> [Exercise directions] Write out the entries below exactly, but only from the line containing "The Teacher Assistant" through the line containing "Community Health Endowment", and without the pictures.

> [Materials provided]
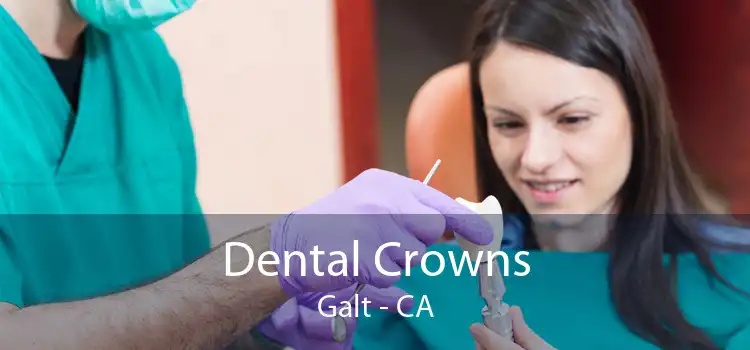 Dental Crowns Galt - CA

==

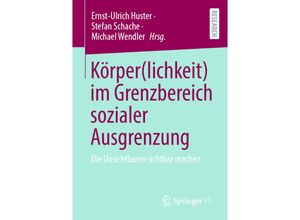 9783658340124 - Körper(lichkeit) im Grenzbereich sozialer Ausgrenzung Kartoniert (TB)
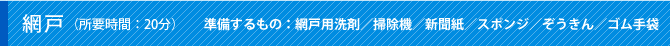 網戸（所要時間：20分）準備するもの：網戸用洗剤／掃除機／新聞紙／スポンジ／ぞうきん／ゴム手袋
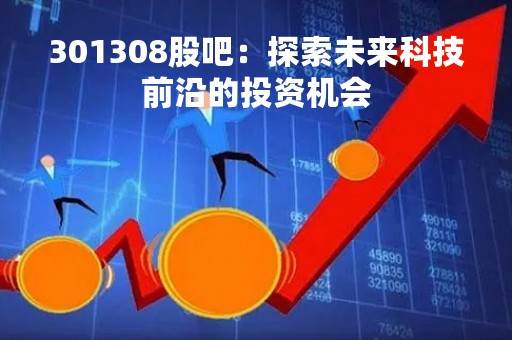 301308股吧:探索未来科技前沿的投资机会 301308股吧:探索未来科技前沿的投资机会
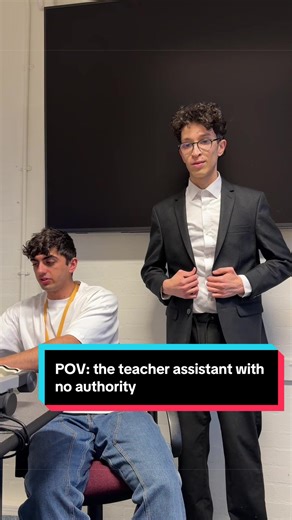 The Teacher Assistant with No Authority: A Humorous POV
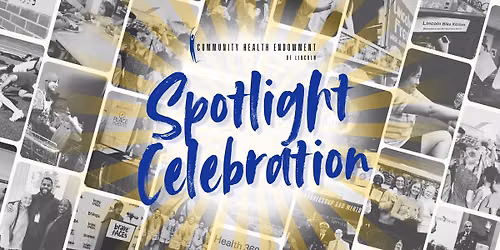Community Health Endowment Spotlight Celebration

> [Task result]
 The Teacher Assistant with No Authority: A Humorous POV
Community Health Endowment Spotlight Celebration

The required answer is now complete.